[The Story of Bawn by Katharine Tynan]@TWC D-Link book
The Story of Bawn

CHAPTER VI
8/11

I knew she had fostered my Uncle Luke, and that she loved him, as the foster-mother does, with an unreasoning and jealous passion.
Her old lips met tightly.
"Ask Miss Mary herself about that, Miss Bawn," she said.

"No one can say that I am one to talk.

After all those years, it would be a pity to spoil all the tellin' for Miss Mary." She sat smiling to herself, a bitter and mocking smile, when she had finished the sentence.

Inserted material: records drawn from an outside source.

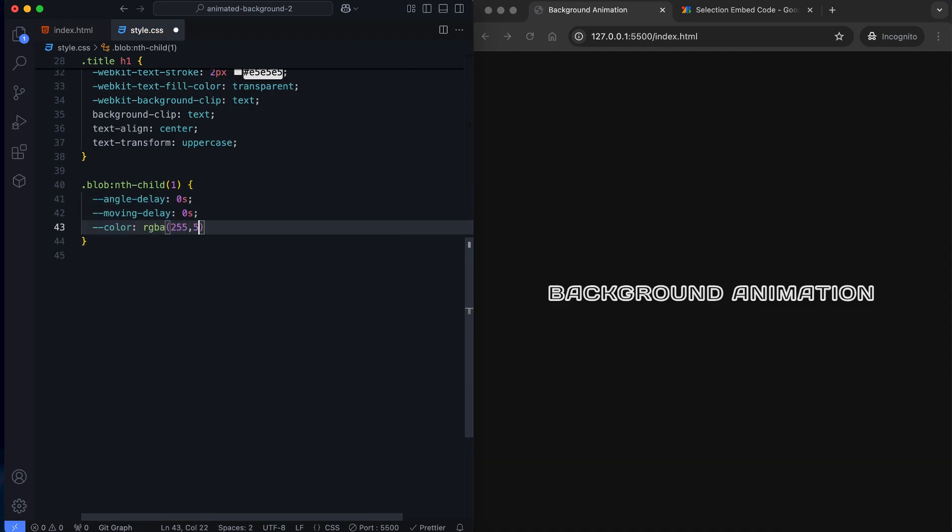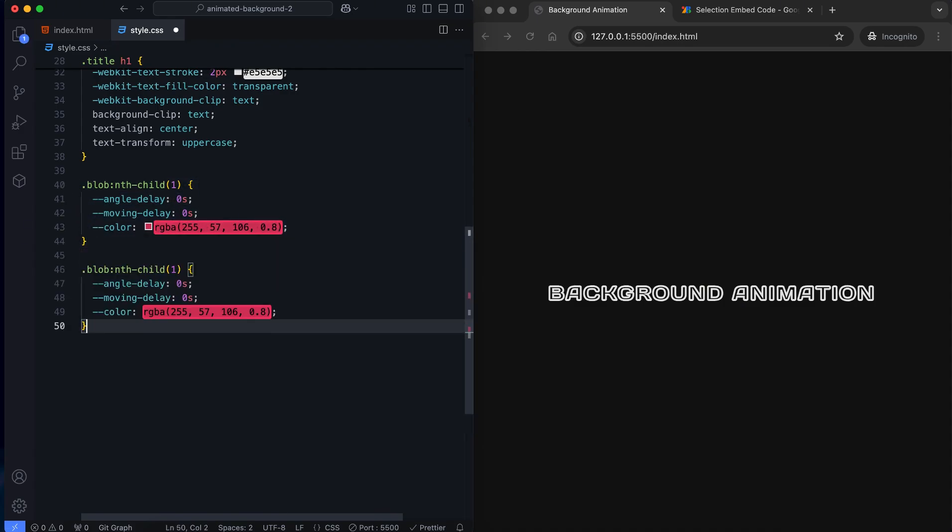We use custom variables to give each blob a unique color and animation delay.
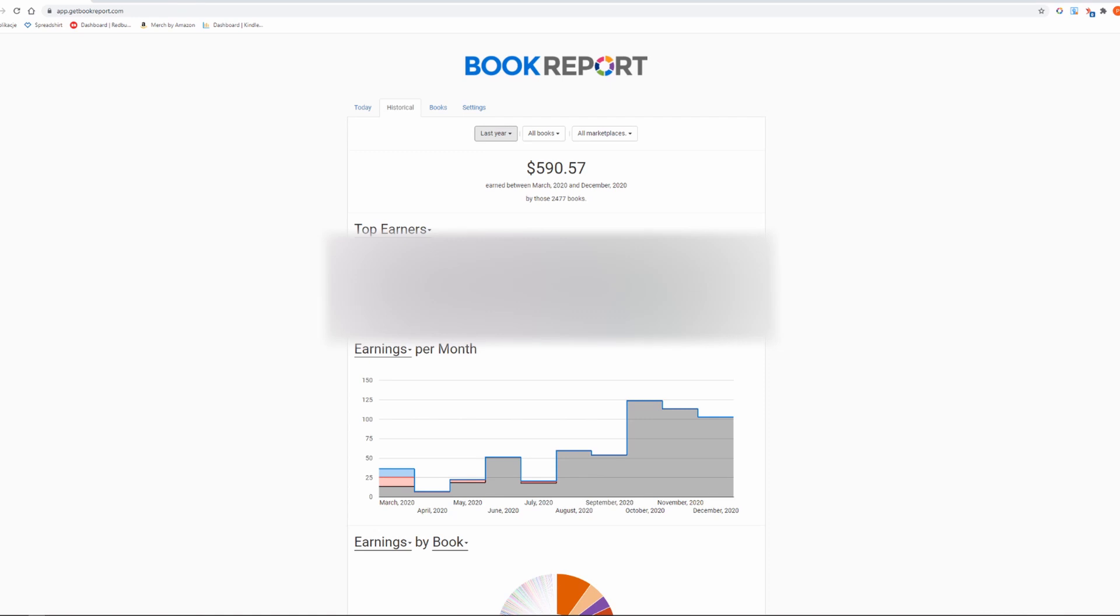Who knows, maybe Amazon will terminate my account one day and this source of income will disappear. Alright, that's it for this video. I hope it was useful for you all and I showed you my knowledge and experience from publishing books on KDP.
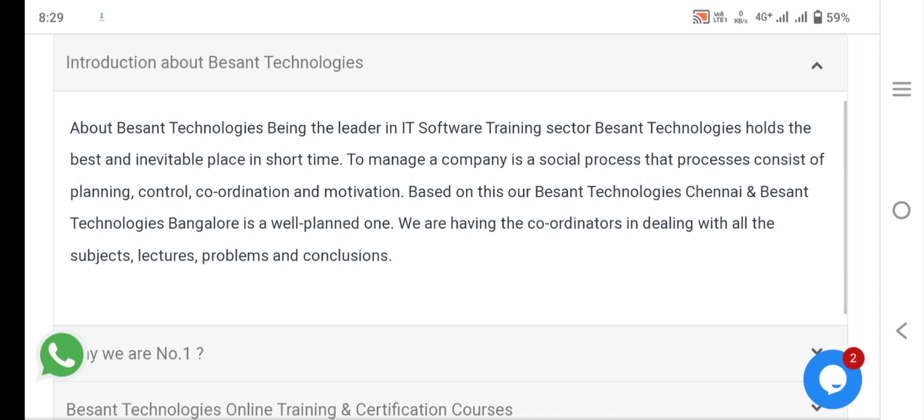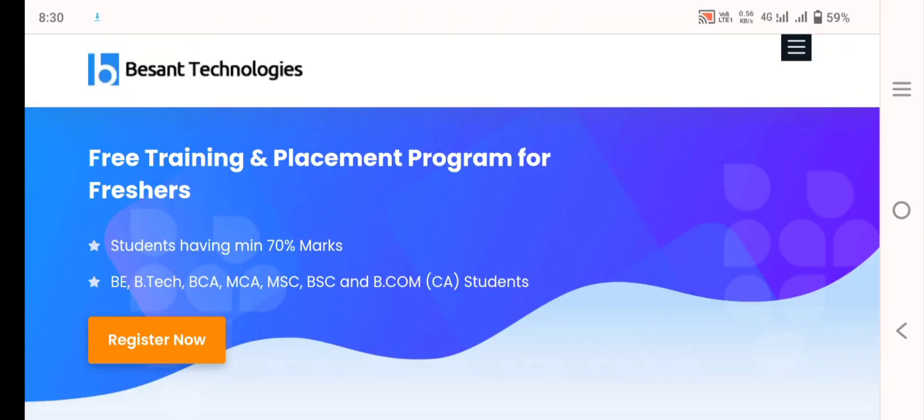in dealing with all the subjects, lectures, problems and conclusions. Link will be given in description, go with that link.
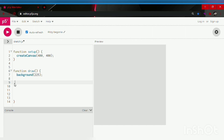Okay guys, we are going to start with our variable. To make a variable, we are going to type in var. Let's name it number. So number equals 15.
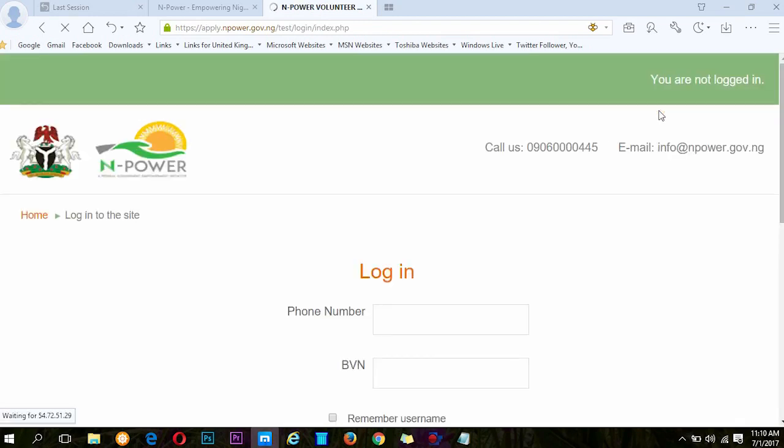Just log in with your phone number and BVN number and your dashboard will be opened.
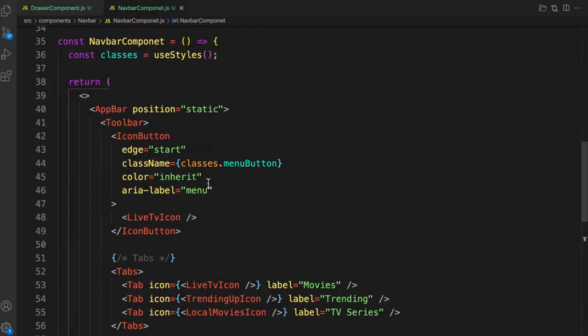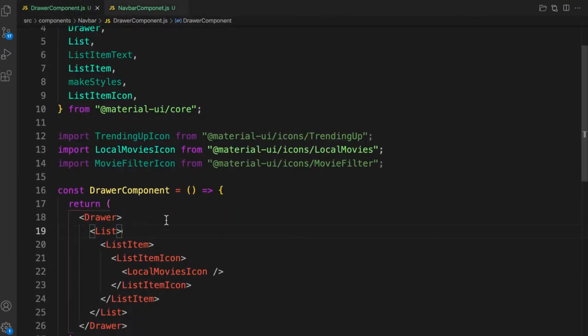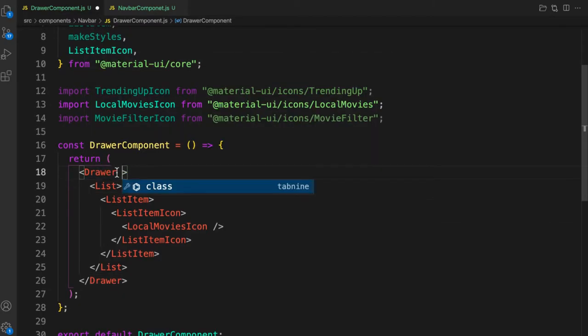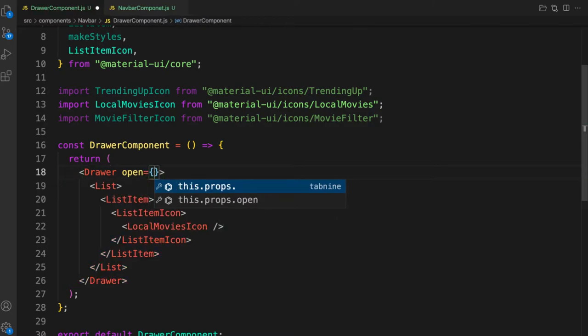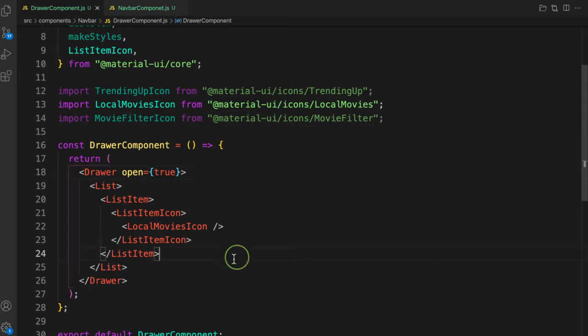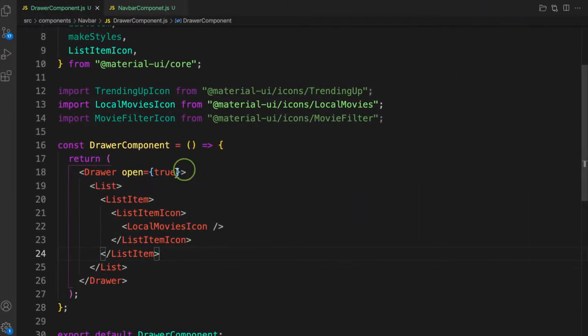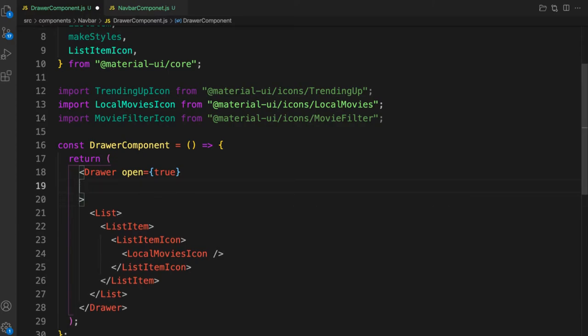We see nothing because we have to tell the component to open. Let's go to the drawer component and pass in the `open` prop. You can find all available props on the Material UI website. When we pass `open={true}` the drawer opens and we can see the movie icon. To close it we also need to pass an `onClose` prop.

I knew Maureen better than to try to win talk from her when she had once made up her mind to silence, so I let her be, only changing the conversation to another subject.
"What will it be like, Maureen, when I am gone ?" I asked.
"It will be lonely, Miss Bawn," she answered; and then, as I had expected, she added, with a little sourness, "Not that you are a patch on Master Luke and Miss Eleanor and your own mother for cheerfulness in the house.

Och, the days I could tell of when there was the fine company-keepin', and the divarsion, and the carriages of the quality drivin' up to the doors, and the music and the dancin'! Them were the days that were worth havin', an' not these days when every one is old--every one but yourself, Miss Bawn; and you're that quiet that I wouldn't know you were in the house.